So, I started living recklessly. It’s not like I wanted to die. But I wasn’t sure how I could go on living, either.
Most of the time I was numb. But when I put myself in danger… it was like I could feel again. The only time I ever felt like I really wanted to live was at that very moment when I thought I might die. I know it’s kind of screwed up… but losing everything you care about at such a young age will do that to you. I’d heard that St. Louis was one of the most dangerous cities in the country, so I’d sneak out in the middle of the night and go walking through the park. I’d ride my bike into traffic and laugh as the cars tried to swerve out of my way. Thinking back on it, I was probably putting Gene and Lois Harley—my friend’s parents who adopted me after my parents died—through hell.
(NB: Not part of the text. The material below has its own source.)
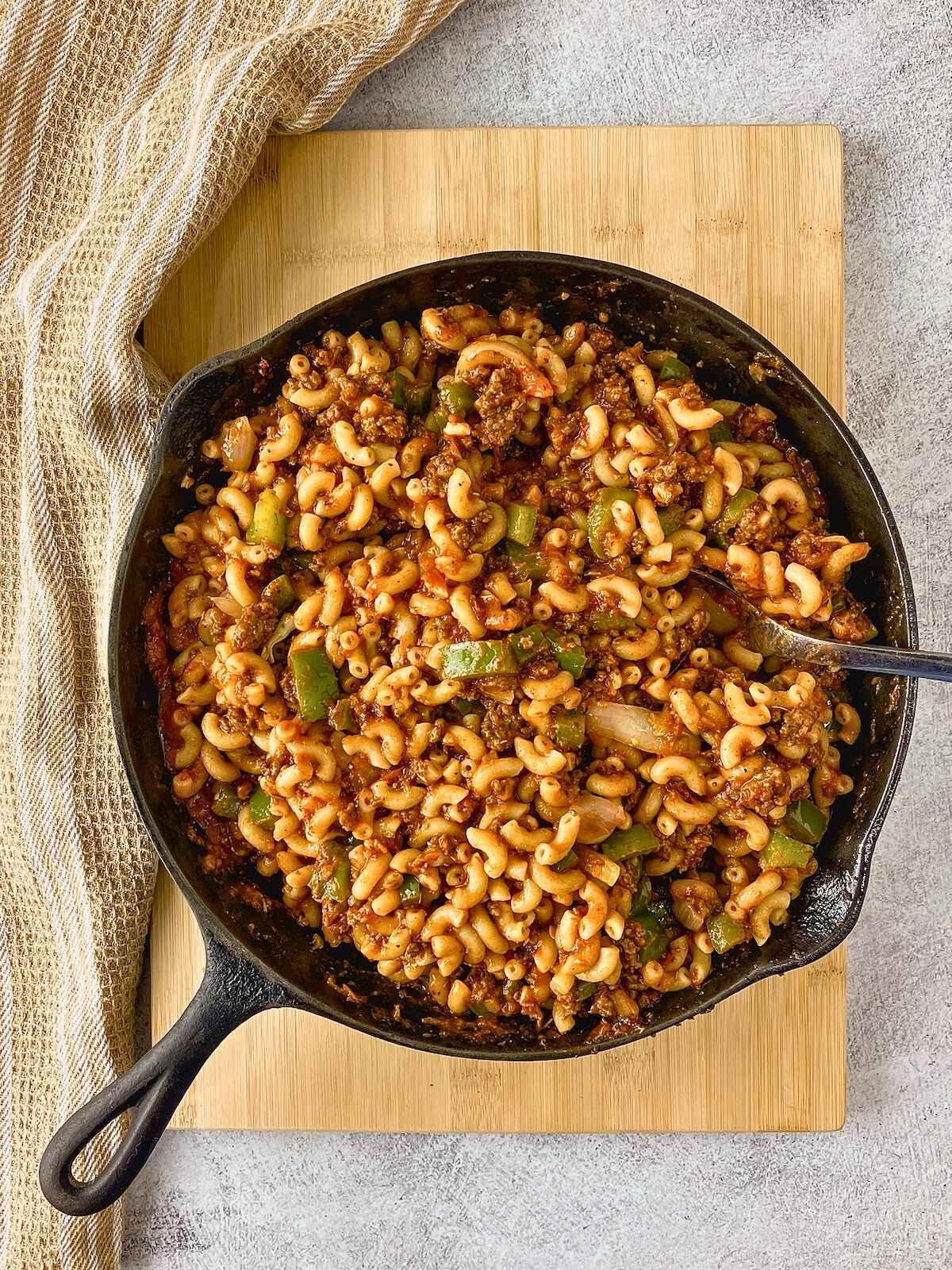 The cooked pasta was added to the meat sauce in the skillet and mixed together.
By far the craziest thing I did, though, was something I oddly didn’t even mean to do.
It was Halloween. I hate Halloween; it’s the day when my family died exactly two years before. So I was probably even more out of sorts than usual. It was also the day our class took a field trip to the St. Louis Zoo.
As I stood there overlooking the exhibit, I felt something of a kinship with the young but full-grown grizzly who paced back and forth with no discernible purpose. They called his home a “habitat,” but nothing of the thrill of the wild remained for the bear in his man-made pit. A few of my fellow eighth-grade field-trippers snickered as they watched him obsessively perform his ritual.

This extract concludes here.